In the past, we have used RFC-4122 random UUID values (i.e. what you get from java.util.UUID.randomUUID()). I know that ObjectId is recommended for best performance, but using UUIDs keeps Mongo-specific bits out of our business layer and plays nicely with other infrastructure components we've got.
But this new project could have a lot more data than our previous Mongo projects, and I wondered how bad insert performance would get with our random UUIDs, once the index size gets too big to fit in memory.
So I wrote a benchmark and ran it on a somewhat memory-constrained system to see how insert performance scales with collection size.

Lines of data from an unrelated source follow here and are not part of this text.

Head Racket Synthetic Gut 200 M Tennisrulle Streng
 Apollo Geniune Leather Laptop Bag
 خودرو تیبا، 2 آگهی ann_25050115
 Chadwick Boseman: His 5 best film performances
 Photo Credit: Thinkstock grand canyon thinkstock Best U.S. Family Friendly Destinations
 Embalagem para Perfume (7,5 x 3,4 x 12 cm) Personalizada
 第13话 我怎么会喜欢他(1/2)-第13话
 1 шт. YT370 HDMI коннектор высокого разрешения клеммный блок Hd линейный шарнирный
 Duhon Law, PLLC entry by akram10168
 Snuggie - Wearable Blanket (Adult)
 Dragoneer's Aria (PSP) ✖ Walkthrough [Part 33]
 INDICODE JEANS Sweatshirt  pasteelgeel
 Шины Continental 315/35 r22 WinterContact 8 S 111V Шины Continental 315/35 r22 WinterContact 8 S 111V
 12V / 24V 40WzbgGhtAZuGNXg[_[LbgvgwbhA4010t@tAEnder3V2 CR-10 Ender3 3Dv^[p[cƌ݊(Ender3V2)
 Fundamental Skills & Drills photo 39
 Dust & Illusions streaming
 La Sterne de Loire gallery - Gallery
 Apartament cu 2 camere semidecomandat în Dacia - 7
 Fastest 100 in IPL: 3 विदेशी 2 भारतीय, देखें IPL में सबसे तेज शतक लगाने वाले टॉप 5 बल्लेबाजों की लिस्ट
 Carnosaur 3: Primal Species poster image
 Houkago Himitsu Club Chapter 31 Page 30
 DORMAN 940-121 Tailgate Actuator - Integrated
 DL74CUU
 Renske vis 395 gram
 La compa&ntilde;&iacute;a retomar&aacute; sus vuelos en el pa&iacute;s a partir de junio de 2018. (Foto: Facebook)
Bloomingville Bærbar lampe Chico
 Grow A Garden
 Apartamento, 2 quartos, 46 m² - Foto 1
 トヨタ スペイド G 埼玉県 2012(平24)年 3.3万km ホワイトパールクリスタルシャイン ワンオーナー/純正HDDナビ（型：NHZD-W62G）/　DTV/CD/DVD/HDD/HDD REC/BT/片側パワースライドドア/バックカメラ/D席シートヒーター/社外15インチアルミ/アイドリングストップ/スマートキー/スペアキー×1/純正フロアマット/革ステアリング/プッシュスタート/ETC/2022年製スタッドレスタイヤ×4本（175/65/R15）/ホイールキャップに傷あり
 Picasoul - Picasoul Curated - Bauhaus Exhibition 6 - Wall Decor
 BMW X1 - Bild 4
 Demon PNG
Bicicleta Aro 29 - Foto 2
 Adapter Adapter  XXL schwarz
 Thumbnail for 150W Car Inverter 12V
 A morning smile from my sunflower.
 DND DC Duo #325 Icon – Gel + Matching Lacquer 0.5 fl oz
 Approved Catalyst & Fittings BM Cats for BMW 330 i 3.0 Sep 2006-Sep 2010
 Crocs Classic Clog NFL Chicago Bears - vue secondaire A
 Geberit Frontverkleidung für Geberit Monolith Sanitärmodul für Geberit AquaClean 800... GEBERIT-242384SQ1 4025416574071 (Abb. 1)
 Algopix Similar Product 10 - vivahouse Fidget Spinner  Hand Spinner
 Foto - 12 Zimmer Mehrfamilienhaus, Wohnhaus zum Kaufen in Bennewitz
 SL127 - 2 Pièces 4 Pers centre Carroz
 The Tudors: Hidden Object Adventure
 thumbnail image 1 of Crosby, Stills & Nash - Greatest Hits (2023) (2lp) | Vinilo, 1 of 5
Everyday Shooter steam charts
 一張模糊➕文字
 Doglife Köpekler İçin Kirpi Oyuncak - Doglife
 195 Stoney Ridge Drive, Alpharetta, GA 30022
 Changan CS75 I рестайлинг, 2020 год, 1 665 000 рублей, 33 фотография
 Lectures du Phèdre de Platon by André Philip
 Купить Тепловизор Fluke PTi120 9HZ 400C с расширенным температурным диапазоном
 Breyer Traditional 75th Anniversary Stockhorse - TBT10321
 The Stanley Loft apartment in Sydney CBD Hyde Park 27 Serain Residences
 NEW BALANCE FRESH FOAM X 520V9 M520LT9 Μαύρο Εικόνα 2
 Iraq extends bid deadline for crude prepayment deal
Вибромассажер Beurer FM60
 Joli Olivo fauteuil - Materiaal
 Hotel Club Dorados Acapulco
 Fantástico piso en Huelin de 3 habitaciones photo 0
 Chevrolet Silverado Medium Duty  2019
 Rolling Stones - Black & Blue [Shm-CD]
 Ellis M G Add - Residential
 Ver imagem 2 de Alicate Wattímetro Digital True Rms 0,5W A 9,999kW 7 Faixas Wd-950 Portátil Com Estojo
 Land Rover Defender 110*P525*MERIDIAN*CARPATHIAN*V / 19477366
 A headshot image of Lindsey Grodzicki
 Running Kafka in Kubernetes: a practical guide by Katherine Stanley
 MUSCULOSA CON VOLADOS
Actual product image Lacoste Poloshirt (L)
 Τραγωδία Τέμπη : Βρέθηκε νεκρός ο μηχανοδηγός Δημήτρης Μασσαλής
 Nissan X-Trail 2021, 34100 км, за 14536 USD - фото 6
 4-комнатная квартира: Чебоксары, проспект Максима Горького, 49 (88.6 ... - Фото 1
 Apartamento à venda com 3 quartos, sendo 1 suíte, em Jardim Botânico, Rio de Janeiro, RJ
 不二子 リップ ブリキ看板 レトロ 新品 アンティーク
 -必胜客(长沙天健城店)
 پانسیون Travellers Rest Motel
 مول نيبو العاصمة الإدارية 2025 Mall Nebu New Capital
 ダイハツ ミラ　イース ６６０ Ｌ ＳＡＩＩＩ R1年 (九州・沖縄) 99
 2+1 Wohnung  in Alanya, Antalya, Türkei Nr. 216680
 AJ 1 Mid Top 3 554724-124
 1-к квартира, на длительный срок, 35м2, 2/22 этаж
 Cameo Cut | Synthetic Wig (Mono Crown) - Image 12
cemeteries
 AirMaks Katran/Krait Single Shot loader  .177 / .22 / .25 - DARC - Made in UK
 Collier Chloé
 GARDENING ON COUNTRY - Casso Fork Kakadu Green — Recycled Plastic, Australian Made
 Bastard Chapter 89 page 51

Some details about the benchmark:
Insert 10 million documents, each with only an _id field. The test machine is running 2.0 64-bit on a Fedora 15 VM with 4 cores and 512M of memory. Used the Java driver to drive the test.
I used the JUG utility (
http://wiki.fasterxml.com/JugHome) to generate both type 1 (timestamp) and type 4 (random) UUIDs. On the graph, you can see that as expected, random UUIDs fall down badly once the collection size gets large. One thing that I didn't expect was the odd cyclic timing performance of timestamp-based UUIDs. It turns out that's because the Mongo Java driver stores UUIDs in Java's native big-endian byte order, so the timestamp is in the wrong byte order for Mongo, which loses some of the nice mostly-increasing behavior. So for kicks I tried reversing the byte order of the timestamp-- that's what the "Timestamp (Order Swap)" line is for on the result graph. I was a bit surprised at how significant the difference was-- just changing the byte order on the insert reduced the time to run through the benchmark by 27%.
I don't see any easy way to do it, but it would be interesting to see if there's a way to include that change in the Java driver without breaking existing binary compatibility.
Anyway, just thought that others might appreciate seeing the benchmark results.